Pilots are paid to manage risk. The procedures flying a passenger
aircraft are limited by such factors as passenger oxygen. Cargo aircraft have a
different set of concerns. Regardless of whether you fly passenger or cargo
aircraft, knowing what tools are out there is worthwhile. Consider, for example,
the procedures to depressurize the aircraft to an altitude as determined by the
manufacturer, a standard part of the checklist for cargo aircraft. FAA tested
this procedure and found that:
... test results showed a reduced burn rate for all materials tested
as the altitude increased (pressure decreased). The decreased burn rate was
nearly linear, slightly greater than a reduced rate of 2% per 1000 feet. Testing
of lithium metal and lithium ion batteries, a fire safety area of concern for
all transportation modes, showed that altitude had little or no effect on the
reaction. However, the time needed to heat the batteries to the point of
reaction was increased, because of the reduced burn rate of the fuel supplying
the heat, as altitude was increased (pressure reduced).

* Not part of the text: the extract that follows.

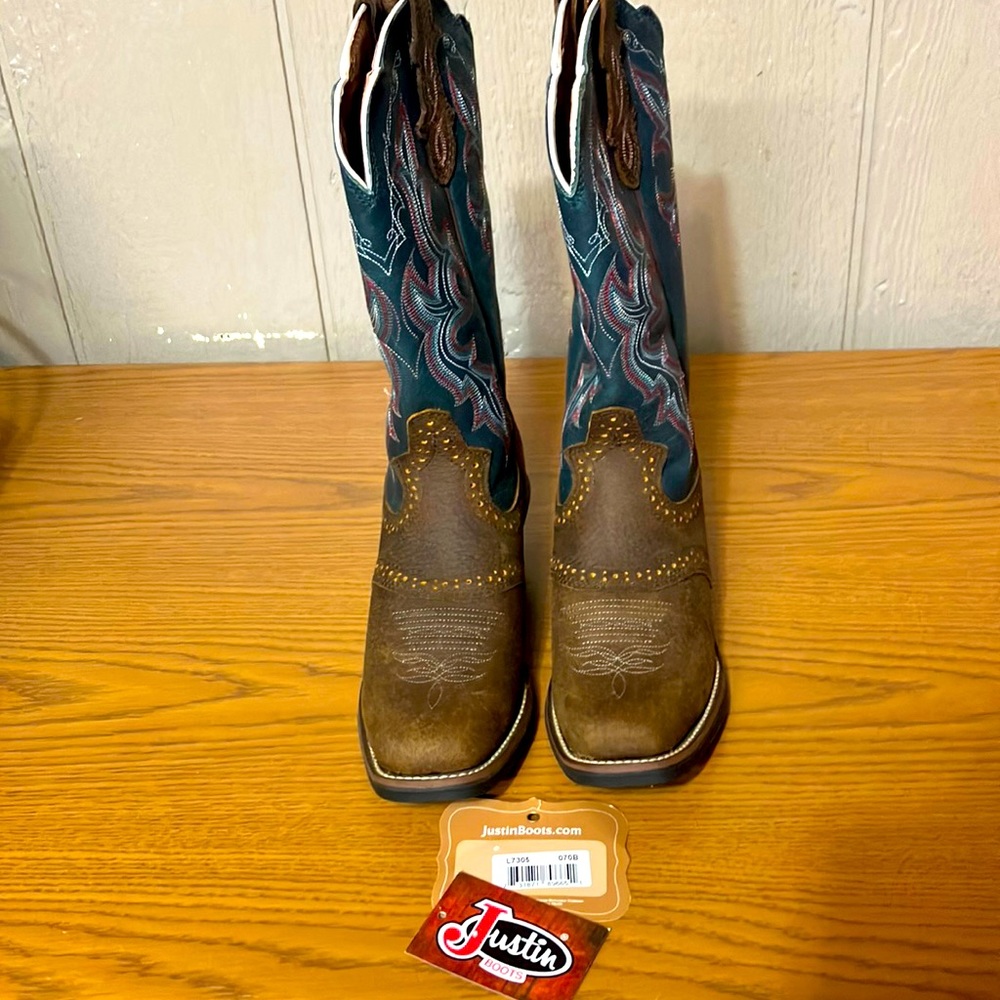 Justin Boots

... test results showed that although depressurization reduced the
initial burning, the fire intensity on decent was greatly accelerated. The
highest depressurization altitude evaluated (25,000 feet) produced the best
initial results but the largest fire on decent.[i]

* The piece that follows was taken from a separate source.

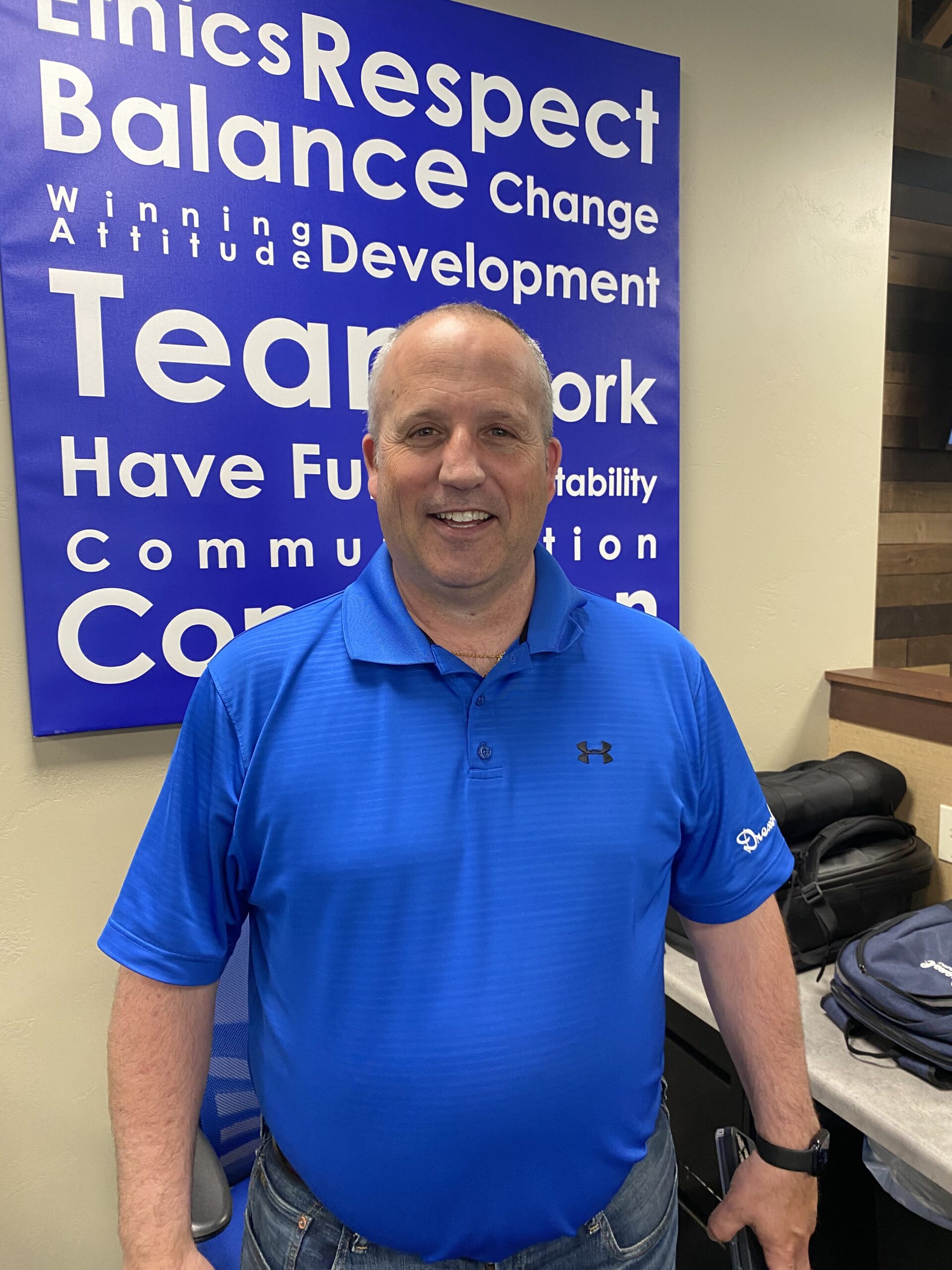 Patrick McMahon Drexel Building Supply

Absent a better solution, depressurization provides one of the best
known methods to buy us time, but that must be balanced against the needs of
passengers. This is a decision only you can make. Time is what we need to get
on the ground. Knowledge of the research, however, might provide some clues as
to how and when you might want to plan your descent in the event of a
fire.
Unfortunately, one of the greatest threats today is the carriage of
Lithium batteries and current systems provide at best limited protection for
Lithium fires. A study published by the Royal Aeronautical Society found
that:
On a typical flight, a single aisle jet carrying 100 passengers could
have over 500
lithium batteries on board. These devices are not tested or certified nor are they
necessarily maintained to manufacture's recommendations. Replacement batteries from questionable sources ('grey' market) can be contained within devices. ii
lithium batteries on board. These devices are not tested or certified nor are they
necessarily maintained to manufacture's recommendations. Replacement batteries from questionable sources ('grey' market) can be contained within devices. ii
While the fact that a fire might be caused by Lithium batteries does
not change most of the recommendations, it can force a situation where the ONLY
option is an immediate landing or ditching. It should also be noted that in
certain circumstances the fire is associated with what is known as a "pressure
pulse". Essentially, a rapid combustion in an enclosed compartment or container
builds up pressure like a bomb and when the walls of that enclosure breach a
pressure wave is generated. It is also possible to generate a pressure wave
inside the aircraft just through a very rapid combustion. Either way, this
pressure pulse can then lead to the failure of the aircraft compartment. As an
example, if the fire is in a lower cargo compartment, the protection from the
extinguishing agent is predicated on the walls of the compartment maintaining a
relatively high concentration of the agent. If a pressure pulse is able to
compromise the containment of the extinguishing agent then all of the
assumptions for keeping the fire under control are no longer valid.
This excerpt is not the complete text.